→ PROBLEM DESCRIPTION
Nothing but the lines from the one containing "科技云计算大数据人工智能ppt模板" through the last line of the data below should be returned, each exactly as it stands, pictures excluded.

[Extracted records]
.....

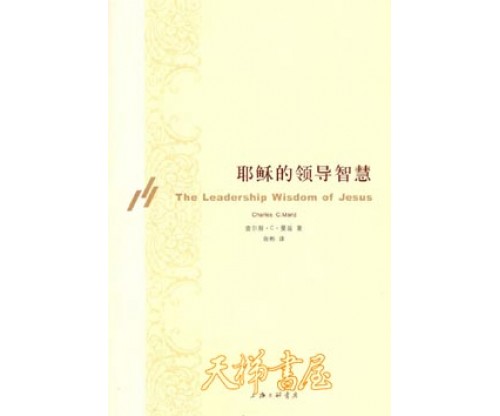 耶稣的领导智慧  The Leadership Wisdom of Jesus 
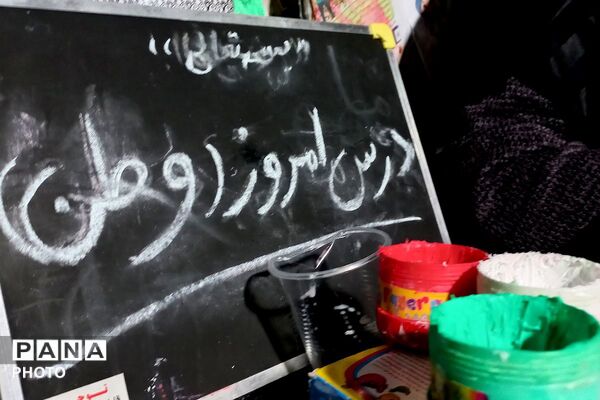 حضور مردم قرچک مخصوصا کودکان در تجمع روز جمهوری اسلامی، پررنگ تر از همیشه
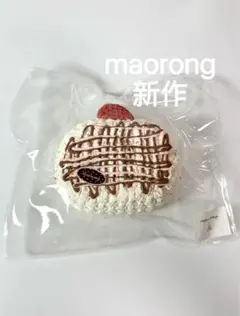 maorong新作いちごチョコレートスクイーズ　タグ・シールなし — image 1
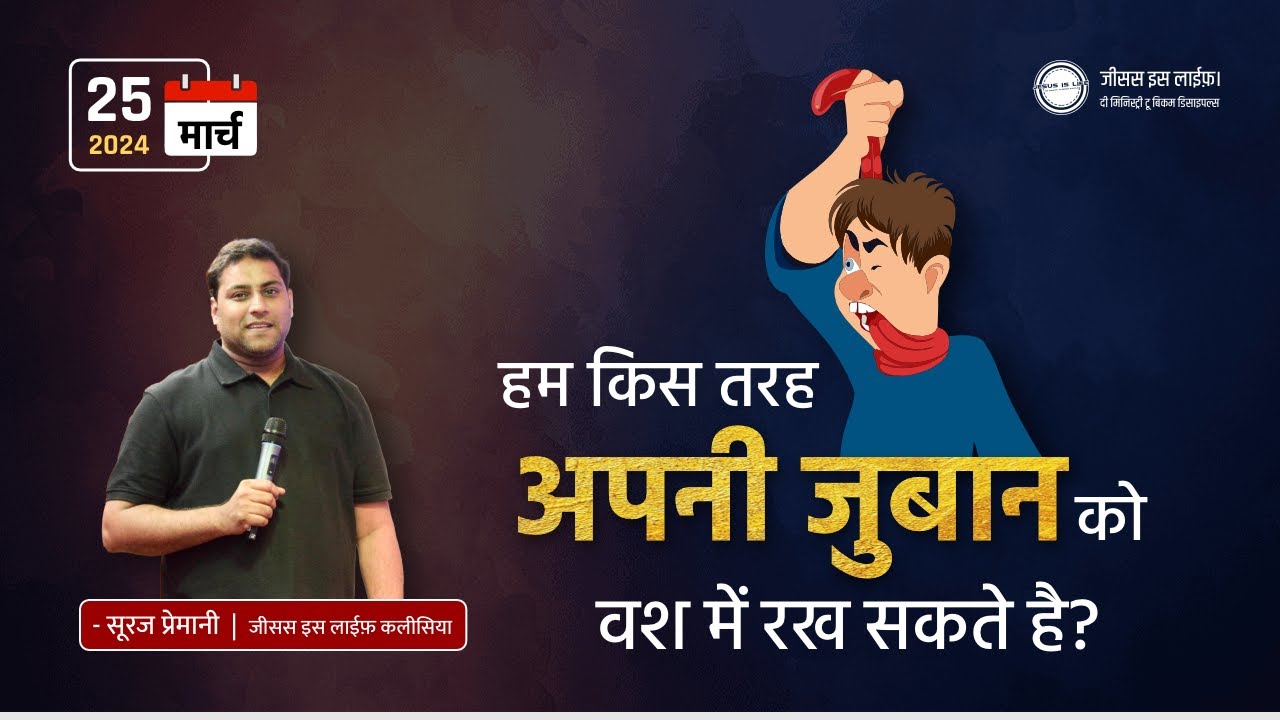 हम किस तरह अपनी जुबान को वश में रख सकते है? - How can we control our tongue? - By Bro Suraj Premani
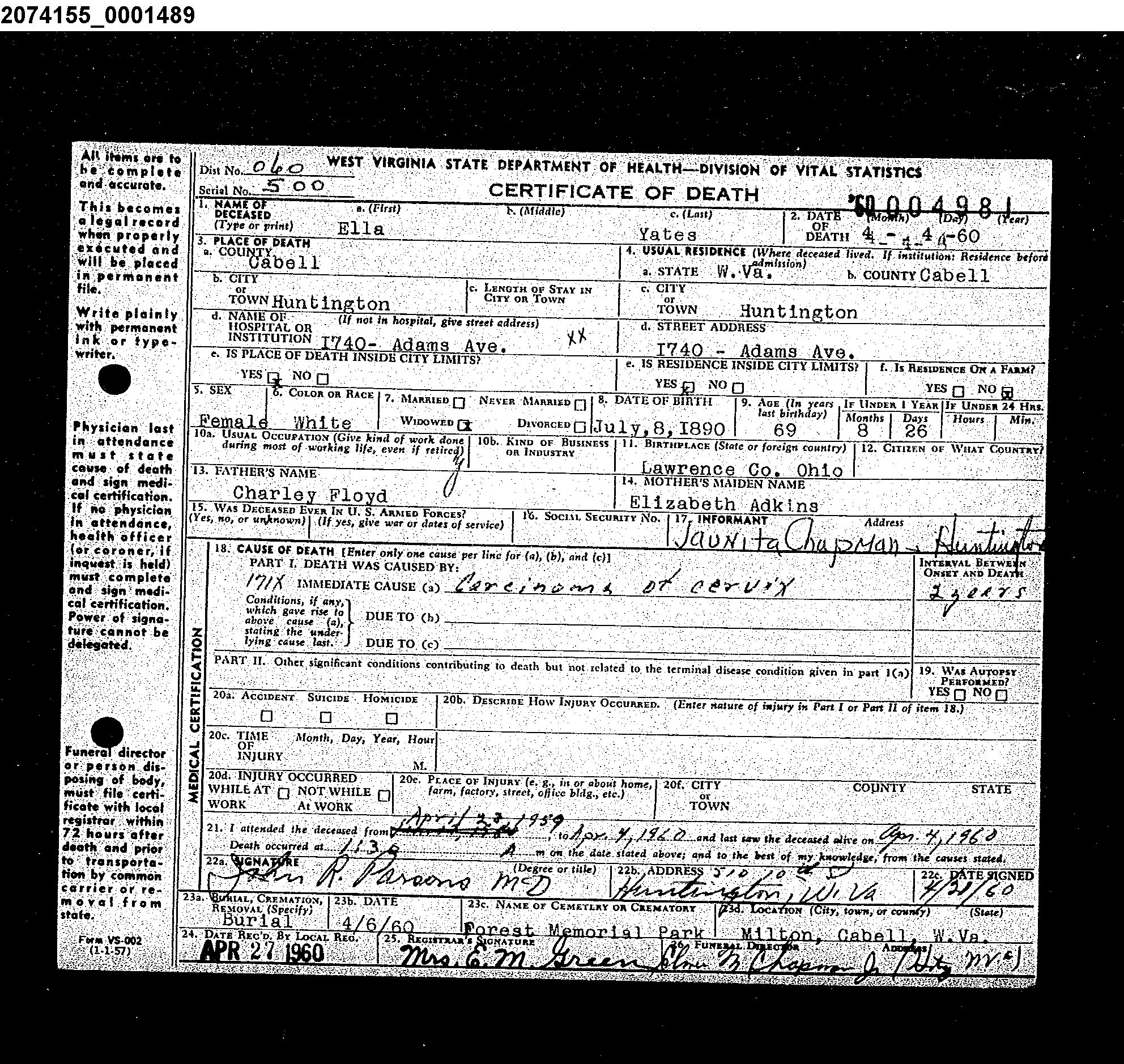 Record Image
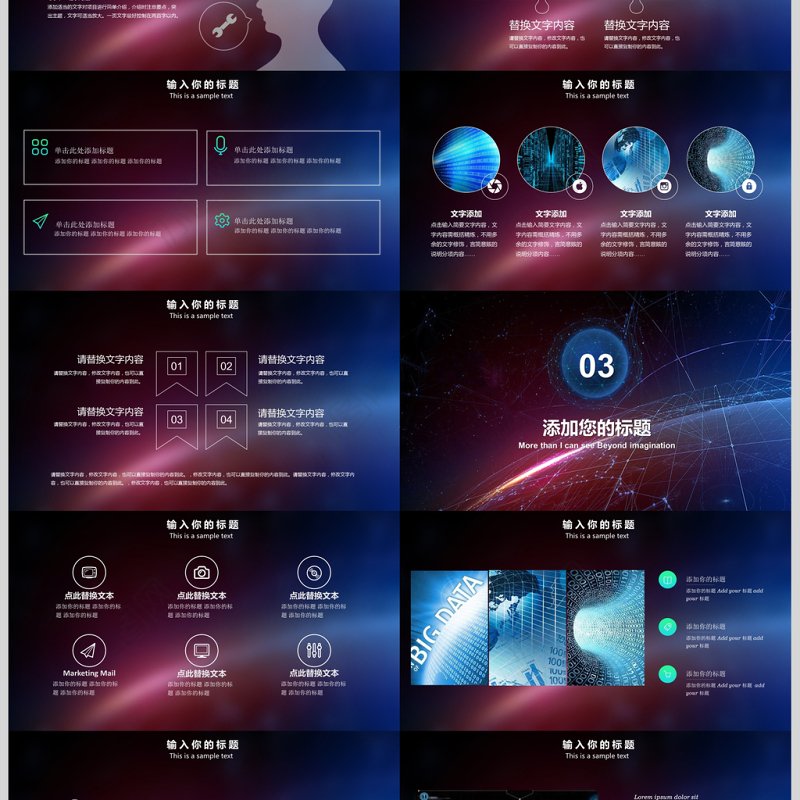 科技云计算大数据人工智能ppt模板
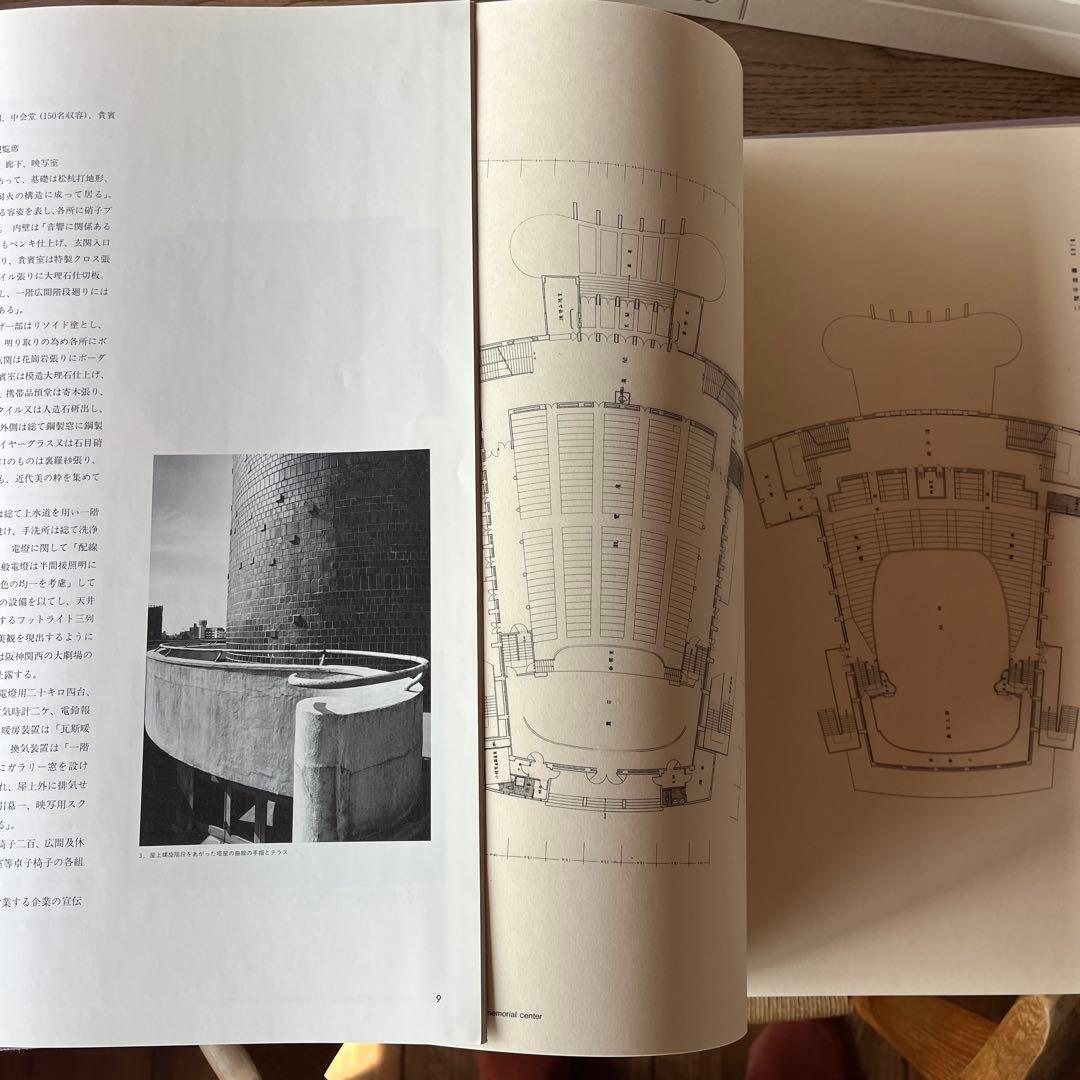 村野藤吾 建築図面集 全8巻 ＋ PHOTOGRAPHS 16枚　全揃い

.....

→ RESULT OF THE TASK
 科技云计算大数据人工智能ppt模板
 村野藤吾 建築図面集 全8巻 ＋ PHOTOGRAPHS 16枚　全揃い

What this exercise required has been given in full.